A Assembleia da República aprovou esta quarta-feira, em sede de especialidade, uma alteração ao regime extraordinário de lay-off que garante o pagamento do salário a 100% aos trabalhadores das empresas afetadas pelas tempestades recentes, até ao limite de 2.760 euros.
Entretanto, o PSD admitiu esta quarta-feira ir “até às últimas consequências” se considerar que a alteração do decreto-lei aprovado pela oposição sobre o lay-off viola a lei, numa referência implícita ao recurso ao Tribunal Constitucional. “Este grupo parlamentar vai mesmo estudar todas as consequências do diploma hoje [quarta-feira] aprovado e não deixaremos de ir até à última consequência se acharmos que há alguma violação da lei”, afirmou Hugo Soares, já depois de ter recordado que, no passado, um Governo do PS recorreu ao Tribunal Constitucional quando entendeu que a lei-travão estava a ser violada pela oposição.

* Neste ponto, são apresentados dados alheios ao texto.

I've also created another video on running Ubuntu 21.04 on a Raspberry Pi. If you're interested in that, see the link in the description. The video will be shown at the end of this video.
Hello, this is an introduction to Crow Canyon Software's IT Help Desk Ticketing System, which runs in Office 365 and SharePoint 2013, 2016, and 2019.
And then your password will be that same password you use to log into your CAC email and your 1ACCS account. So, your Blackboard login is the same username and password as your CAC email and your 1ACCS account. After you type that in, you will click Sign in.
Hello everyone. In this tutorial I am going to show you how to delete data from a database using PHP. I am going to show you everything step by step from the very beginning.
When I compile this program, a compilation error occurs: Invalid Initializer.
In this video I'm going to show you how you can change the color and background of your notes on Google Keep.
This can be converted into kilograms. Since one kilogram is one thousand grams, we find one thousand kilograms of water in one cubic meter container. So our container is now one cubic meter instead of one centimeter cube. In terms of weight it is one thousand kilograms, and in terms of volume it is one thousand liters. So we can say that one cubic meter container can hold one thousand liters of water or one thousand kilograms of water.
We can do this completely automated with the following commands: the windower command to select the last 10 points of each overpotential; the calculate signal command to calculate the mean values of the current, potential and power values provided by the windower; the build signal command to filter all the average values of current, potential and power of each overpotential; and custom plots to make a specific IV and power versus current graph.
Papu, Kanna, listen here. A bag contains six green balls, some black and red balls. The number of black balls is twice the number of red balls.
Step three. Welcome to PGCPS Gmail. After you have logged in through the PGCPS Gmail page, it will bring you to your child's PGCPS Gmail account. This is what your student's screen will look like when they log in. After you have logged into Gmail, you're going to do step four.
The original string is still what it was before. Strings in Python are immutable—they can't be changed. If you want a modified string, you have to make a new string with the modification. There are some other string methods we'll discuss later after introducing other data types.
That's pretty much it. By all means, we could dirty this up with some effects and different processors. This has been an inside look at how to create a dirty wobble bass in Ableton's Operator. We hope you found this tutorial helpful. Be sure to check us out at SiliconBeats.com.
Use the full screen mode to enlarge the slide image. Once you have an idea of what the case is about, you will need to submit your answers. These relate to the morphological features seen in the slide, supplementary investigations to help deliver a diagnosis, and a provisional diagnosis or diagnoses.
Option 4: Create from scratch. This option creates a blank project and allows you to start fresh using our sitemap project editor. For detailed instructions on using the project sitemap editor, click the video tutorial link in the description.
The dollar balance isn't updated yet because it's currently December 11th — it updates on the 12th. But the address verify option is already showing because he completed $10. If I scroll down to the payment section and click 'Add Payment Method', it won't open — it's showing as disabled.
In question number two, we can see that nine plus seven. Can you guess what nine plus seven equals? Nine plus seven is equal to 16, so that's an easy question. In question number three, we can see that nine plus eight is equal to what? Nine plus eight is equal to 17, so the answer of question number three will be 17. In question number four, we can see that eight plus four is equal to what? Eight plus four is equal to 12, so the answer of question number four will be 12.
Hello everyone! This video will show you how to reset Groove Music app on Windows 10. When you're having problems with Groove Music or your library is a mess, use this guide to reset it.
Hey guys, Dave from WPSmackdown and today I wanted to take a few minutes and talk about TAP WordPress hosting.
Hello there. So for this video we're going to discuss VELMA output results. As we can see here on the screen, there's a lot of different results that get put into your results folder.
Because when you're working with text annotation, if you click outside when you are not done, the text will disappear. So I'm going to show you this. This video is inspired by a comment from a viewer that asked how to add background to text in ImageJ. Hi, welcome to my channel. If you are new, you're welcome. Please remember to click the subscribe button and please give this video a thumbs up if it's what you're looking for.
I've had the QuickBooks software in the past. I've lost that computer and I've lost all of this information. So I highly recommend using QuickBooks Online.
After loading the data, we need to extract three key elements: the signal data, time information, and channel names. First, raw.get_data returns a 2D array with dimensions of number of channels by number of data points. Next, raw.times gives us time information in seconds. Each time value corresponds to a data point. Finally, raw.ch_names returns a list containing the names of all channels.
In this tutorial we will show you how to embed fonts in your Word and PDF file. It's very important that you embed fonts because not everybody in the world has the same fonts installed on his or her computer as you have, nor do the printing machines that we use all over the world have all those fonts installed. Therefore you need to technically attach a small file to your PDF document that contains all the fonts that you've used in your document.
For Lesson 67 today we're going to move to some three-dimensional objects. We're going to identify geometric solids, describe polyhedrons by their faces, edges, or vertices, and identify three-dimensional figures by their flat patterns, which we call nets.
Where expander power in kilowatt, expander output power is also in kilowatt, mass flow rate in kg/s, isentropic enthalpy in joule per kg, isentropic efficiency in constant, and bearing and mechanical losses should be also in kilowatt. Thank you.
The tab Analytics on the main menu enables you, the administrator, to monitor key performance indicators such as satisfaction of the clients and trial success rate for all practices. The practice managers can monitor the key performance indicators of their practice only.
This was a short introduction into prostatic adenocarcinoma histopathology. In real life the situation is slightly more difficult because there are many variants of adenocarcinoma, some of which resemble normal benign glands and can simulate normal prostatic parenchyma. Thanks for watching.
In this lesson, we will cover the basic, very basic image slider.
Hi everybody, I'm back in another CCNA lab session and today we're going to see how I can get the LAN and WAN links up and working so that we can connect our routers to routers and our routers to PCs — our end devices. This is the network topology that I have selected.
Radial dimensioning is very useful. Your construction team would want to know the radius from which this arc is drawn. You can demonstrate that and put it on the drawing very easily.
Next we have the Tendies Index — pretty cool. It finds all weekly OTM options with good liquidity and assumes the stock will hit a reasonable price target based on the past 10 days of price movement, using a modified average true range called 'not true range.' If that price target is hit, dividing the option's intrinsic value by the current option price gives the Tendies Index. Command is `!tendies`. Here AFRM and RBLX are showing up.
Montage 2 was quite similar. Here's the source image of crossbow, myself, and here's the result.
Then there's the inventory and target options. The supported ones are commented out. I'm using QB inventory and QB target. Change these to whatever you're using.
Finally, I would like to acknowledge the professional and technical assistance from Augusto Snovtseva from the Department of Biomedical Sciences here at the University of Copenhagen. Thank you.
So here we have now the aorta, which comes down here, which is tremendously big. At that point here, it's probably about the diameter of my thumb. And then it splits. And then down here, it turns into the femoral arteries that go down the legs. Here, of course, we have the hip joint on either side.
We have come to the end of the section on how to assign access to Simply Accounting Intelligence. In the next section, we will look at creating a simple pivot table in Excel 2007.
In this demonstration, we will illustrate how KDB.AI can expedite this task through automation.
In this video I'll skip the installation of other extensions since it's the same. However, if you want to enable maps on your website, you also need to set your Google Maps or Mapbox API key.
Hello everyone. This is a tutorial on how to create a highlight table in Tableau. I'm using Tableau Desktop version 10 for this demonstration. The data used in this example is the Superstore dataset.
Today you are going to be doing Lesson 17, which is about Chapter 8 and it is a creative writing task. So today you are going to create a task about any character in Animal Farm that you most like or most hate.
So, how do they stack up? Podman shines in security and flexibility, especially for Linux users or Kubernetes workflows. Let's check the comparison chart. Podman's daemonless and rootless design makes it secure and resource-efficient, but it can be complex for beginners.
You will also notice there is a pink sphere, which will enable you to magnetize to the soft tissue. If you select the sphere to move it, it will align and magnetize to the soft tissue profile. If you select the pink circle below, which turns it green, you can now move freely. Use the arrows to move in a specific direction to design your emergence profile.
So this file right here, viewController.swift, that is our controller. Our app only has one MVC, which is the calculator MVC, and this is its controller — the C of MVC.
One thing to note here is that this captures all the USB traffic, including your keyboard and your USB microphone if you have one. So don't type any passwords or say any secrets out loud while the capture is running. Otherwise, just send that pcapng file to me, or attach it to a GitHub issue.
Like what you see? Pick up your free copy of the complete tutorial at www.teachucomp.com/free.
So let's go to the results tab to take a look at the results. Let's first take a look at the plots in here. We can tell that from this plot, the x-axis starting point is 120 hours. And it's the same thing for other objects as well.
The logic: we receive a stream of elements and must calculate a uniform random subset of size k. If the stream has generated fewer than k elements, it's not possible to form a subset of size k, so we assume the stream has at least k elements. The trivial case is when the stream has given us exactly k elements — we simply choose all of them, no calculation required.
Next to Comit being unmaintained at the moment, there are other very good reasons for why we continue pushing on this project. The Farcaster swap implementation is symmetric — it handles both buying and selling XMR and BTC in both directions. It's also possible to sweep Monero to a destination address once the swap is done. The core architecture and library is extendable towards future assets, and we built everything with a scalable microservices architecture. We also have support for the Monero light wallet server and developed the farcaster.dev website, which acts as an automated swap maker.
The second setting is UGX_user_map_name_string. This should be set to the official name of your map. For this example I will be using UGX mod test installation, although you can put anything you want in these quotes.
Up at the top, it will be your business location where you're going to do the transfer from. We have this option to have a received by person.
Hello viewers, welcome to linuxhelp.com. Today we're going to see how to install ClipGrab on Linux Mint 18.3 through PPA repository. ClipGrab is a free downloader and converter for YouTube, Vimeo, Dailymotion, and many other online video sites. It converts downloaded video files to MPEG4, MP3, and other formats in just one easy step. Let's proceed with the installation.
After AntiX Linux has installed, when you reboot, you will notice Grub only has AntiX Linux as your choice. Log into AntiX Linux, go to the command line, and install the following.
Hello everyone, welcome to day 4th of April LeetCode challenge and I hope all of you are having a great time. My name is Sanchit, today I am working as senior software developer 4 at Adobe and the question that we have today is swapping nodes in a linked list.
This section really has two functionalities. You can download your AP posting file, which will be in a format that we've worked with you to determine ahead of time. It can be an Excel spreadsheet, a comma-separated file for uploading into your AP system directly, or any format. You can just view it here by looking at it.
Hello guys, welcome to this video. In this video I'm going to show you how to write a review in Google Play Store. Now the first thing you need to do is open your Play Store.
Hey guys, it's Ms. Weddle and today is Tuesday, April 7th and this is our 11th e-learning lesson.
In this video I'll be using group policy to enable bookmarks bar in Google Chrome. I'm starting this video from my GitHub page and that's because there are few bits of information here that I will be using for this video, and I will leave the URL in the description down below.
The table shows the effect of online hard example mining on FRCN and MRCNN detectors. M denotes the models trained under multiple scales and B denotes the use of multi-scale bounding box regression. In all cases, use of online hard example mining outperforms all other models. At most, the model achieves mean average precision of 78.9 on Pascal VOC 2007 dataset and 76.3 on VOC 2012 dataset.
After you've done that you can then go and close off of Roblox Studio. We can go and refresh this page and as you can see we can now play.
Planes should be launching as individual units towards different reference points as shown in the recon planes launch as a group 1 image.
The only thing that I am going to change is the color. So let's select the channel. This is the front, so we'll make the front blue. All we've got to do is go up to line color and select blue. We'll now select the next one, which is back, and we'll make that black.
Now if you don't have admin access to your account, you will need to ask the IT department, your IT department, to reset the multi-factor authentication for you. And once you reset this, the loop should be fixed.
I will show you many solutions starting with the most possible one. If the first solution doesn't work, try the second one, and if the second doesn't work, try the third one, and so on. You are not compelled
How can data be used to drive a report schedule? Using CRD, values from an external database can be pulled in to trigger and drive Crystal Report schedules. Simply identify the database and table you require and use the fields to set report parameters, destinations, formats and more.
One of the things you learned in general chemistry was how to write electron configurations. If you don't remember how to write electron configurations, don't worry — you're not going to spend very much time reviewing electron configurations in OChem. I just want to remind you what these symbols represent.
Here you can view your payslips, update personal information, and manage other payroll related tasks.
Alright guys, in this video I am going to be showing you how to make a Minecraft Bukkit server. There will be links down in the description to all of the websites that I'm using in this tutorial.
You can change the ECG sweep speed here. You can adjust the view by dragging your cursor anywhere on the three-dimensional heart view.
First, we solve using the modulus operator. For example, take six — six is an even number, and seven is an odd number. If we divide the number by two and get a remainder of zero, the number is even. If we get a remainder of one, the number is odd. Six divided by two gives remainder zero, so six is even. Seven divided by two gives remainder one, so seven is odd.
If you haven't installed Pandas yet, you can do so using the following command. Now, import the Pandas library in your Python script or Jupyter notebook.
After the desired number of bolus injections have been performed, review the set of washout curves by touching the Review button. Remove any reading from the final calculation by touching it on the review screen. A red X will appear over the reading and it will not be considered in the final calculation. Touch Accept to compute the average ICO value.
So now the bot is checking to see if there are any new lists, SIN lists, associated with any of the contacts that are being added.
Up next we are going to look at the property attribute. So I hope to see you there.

A proposta, apresentada pelo Bloco de Esquerda, foi viabilizada com os votos favoráveis do Partido Socialista, do Chega e dos restantes partidos da esquerda, tendo sido rejeitada pelo Partido Social Democrata, pelo CDS-PP e pela Iniciativa Liberal.
A votação ocorreu na Comissão de Trabalho, Segurança Social e Inclusão, no âmbito de uma apreciação parlamentar ao decreto-lei do Governo sobre o lay-off simplificado, criado após os prejuízos provocados pela tempestade Kristin. O diploma do executivo previa apenas o pagamento de dois terços do salário bruto, apesar de um anúncio inicial de compensação a 100%.
Para ultrapassar objeções de natureza orçamental e constitucional, o BE introduziu alterações que permitem acomodar a despesa no Orçamento do Estado para 2027, evitando a invocação da norma-travão, que impede aumentos de despesa durante a execução do orçamento em vigor. A pedido do PS, foi ainda alterada a redação da proposta, passando a constar a expressão “rendimento ilíquido” em vez de “líquido”.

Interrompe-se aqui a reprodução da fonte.